▶ [What to work on] From the first line of the material through the line containing "Oxblood and Gold", restate everything word for word and nothing more.

━━━ Data excerpts

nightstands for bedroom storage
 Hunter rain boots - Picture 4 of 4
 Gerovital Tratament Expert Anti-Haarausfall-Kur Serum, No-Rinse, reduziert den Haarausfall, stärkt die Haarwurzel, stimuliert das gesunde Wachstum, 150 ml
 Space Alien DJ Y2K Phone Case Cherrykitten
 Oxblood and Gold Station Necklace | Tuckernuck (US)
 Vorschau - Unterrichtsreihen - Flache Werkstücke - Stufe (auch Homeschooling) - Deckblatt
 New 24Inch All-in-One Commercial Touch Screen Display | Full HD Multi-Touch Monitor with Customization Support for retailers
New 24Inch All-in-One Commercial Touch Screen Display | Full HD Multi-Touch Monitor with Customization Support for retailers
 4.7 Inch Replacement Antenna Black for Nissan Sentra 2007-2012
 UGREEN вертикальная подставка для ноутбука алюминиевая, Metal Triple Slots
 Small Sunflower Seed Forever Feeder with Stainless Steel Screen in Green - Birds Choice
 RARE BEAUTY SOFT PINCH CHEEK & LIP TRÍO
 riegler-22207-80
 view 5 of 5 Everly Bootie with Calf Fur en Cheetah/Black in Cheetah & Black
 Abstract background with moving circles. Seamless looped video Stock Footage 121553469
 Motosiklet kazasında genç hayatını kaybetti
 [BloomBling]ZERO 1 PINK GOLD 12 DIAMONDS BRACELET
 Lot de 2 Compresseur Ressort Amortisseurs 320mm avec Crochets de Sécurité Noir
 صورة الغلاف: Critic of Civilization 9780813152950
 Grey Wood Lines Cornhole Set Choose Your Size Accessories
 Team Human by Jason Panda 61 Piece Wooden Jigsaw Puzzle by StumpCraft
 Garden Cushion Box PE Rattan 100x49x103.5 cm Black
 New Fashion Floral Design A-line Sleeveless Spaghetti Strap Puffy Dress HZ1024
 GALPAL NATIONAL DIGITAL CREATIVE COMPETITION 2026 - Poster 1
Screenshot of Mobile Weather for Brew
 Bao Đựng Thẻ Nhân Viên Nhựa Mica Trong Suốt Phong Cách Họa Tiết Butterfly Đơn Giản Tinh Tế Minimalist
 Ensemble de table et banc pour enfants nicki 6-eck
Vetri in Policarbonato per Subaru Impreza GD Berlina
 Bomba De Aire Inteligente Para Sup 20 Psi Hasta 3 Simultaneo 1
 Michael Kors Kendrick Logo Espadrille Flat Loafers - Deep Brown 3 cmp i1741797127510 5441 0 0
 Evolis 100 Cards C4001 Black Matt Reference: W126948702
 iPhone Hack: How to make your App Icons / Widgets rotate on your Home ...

━━━━━━

▶ [Exercise solution]
nightstands for bedroom storage
 Hunter rain boots - Picture 4 of 4
 Gerovital Tratament Expert Anti-Haarausfall-Kur Serum, No-Rinse, reduziert den Haarausfall, stärkt die Haarwurzel, stimuliert das gesunde Wachstum, 150 ml
 Space Alien DJ Y2K Phone Case Cherrykitten
 Oxblood and Gold Station Necklace | Tuckernuck (US)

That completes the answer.